House debates

Tuesday, 22 November 2022


Appropriation Bill (No. 1) 2022-2023, Appropriation Bill (No. 2) 2022-2023, Appropriation (Parliamentary Departments) Bill (No. 1) 2022-2023; Second Reading

5:49 pm

Photo of Sharon ClaydonSharon Claydon (Newcastle, Australian Labor Party) Share this | Hansard source

In May this year, the people of Newcastle joined voters from across this vast continent who went to the polls to elect a new government, a Labor government, under the leadership of Prime Minister Anthony Albanese. I am so very grateful to the people of Newcastle for the faith they have entrusted in me to represent them once again, giving me this opportunity to stand on their behalf in this Australian parliament. I have never stopped standing up for Newcastle since my election in 2013, though at times it was incredibly challenging to push from the opposition benches for progress from a coalition government that never really understood us Novocastrians and never really understood our region. But I'll admit that it is much, much better to be in government, although I am very conscious of never taking a single day or moment of this for granted. We have a big agenda and we are getting stuck in. I'm thrilled to be part of a Labor government determined to build a better future for Newcastle.

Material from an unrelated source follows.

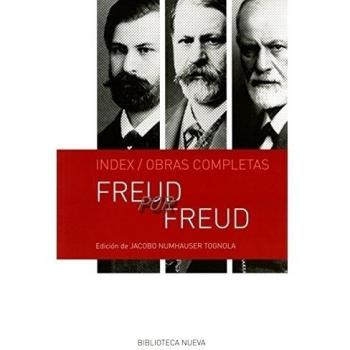 Freud Por Freud: INDEX / OBRAS COMPLETAS - Numhauser Tognola, Jacobo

Newcastle has always been a forward-thinking and progressive city, and Novocastrians are smart, full of initiative, gritty, determined and incredibly engaged. In fact, in my first speech in this parliament, back in 2013, I paid tribute to Sharon Grierson, my predecessor as the federal member for Newcastle, and to her vision of Newcastle as a centre of excellence for clean energy research and innovation. I thank those former Rudd and Gillard Labor governments for believing in Newcastle and investing in our future. Now Labor has once again returned to government, we're building on that vision and ensuring that Newcastle remains at the forefront of opportunity and progress in all forms of energy, as well as in education, health care, aged care and infrastructure. We're making sure that women's equality is at the heart of all our policies, because what's good for women is good for everyone. It's good for our economy. It's good for our society. This government understands that if you have a big tent and include everyone in it, there is actually more to be gained than by leaving people excluded.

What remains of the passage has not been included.